Students have been working with partners of ten and doubles, as well as adding 10 to a number. Today I ask students to find a different number sentence to equal the one I put on the board. I ask them to write the sentence in their math journals.
In first grade they should have met the Common Core Standard, "Understand the meaning of the equal sign, and determine if equations involving addition and subtraction are true or false." Students may understand the equal sign in a single equation such as 8 + 5 = 13, but if I were to write 8 + 5 = 10 + 3, they might have more trouble understanding that there can be more than one thing on the other side of the equal sign. Today's lesson helps to expand the student's understanding of what the equal sign really means.
As students work, I circulate around and choose 2 - 3 students, with different equations, to show their work on the board, so we can see that there are numerous ways to compose a given number.
I start with 5 + 5 = 10. One of the reasons I select this is that the concept of making ten in different ways should be in place, so it makes a good starting point for this lesson.
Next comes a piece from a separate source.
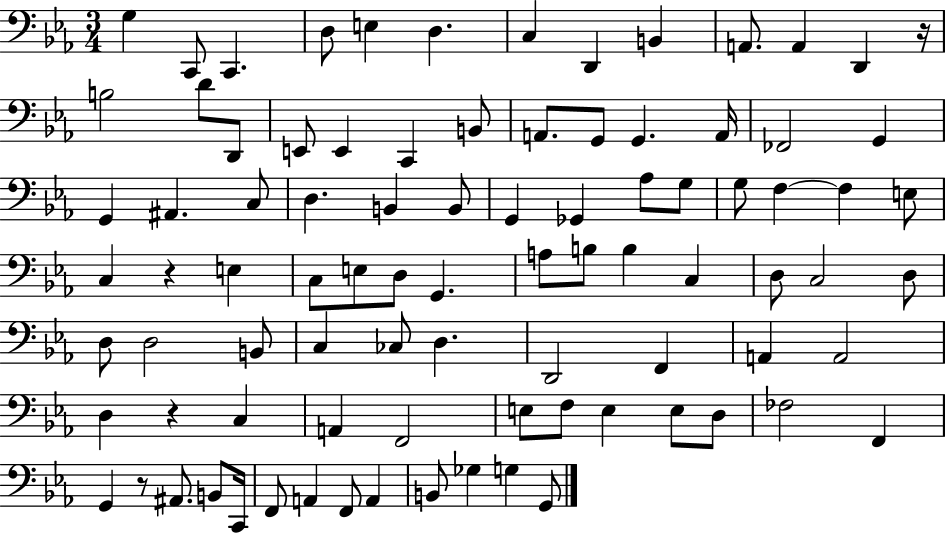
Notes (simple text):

G3/q C2/e C2/q. D3/e E3/q D3/q. C3/q D2/q B2/q A2/e. A2/q D2/q R/s B3/h D4/e D2/e E2/e E2/q C2/q B2/e A2/e. G2/e G2/q. A2/s FES2/h G2/q G2/q A#2/q. C3/e D3/q. B2/q B2/e G2/q Gb2/q Ab3/e G3/e G3/e F3/q F3/q E3/e C3/q R/q E3/q C3/e E3/e D3/e G2/q. A3/e B3/e B3/q C3/q D3/e C3/h D3/e D3/e D3/h B2/e C3/q CES3/e D3/q. D2/h F2/q A2/q A2/h D3/q R/q C3/q A2/q F2/h E3/e F3/e E3/q E3/e D3/e FES3/h F2/q G2/q R/e A#2/e. B2/e C2/s F2/e A2/q F2/e A2/q B2/e Gb3/q G3/q G2/e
Starting in kindergarten, students should be developing fluency within ten, and in making ten. I call making ten "partners of ten". I hope students will quickly recall another partner of ten equation.
After we share out, I put the equation 13 + 7 = 20 on the board. Again I ask for students to write their own equations that make 20 on their individual white boards.
I do a subtraction equation as well 18 - 9 = 9. (Here I watch to see if the students attempt another subtraction problem, or find an addition problem that will equal 9.)
I keep track of students who may be having difficulty with the concept of composing true number sentences for a given number.
I give students a stretch break and ask them to come to the rug.
Teaching The Lesson
I tell the students that today we will be working at 2 different centers, as well as completing a practice page.
I explain that at the first center we will be taking dominos and looking at the two sides. We will write an addition sentence by adding the bottom and the top of the domino and putting the number sentence under the correct total. We will also write a subtraction sentence by counting the total, subtracting one side and writing the equation under the answer that is left.
Together we practice on the interactive white board until students are comfortable with what they will be doing.
I tell them that at the second center they will be measuring the objects already set out on the table. They will use inches and centimeters. We discuss which side of the ruler is inches and which is centimeters. I choose all objects that are less than 12 inches, but are full inches in length to avoid half or quarter. I tell them to measure to the closest centimeter. We practice together on the interactive white board how to hold the ruler so the zero point is at the end of the object and then to read to the nearest inch or centimeter. We record our answers on the chart.
I tell students that they will also complete a practice page where they will write as many ways as they can think of to represent a given number, just as we did when we started the day.
I divide the children in heterogeneous groupings and send them to one of the three centers. After about 10 minutes I ring the bell and have students progress to a new center. Students will visit all 3 centers.
At the end of the center time I ask all children to return to their seats. I ask them to respond in their journals to the questions, "Can 2 hundreds, 3 tens and 9 ones be the same as 239, or 200 + 30 + 9? Why?"
Some students respond in words, others use pictures, or representations with blocks or tally marks to explain their thinking.
Can I measure an object and find it is 3 inches long, when my partner says it is about 8 centimeters long? How is that possible?
Again, some responses will be in words, but others use drawings to explain their thinking.
I use student responses to assess their understanding of it being possible to have 2 different numbers or representations of a number represent the same amount.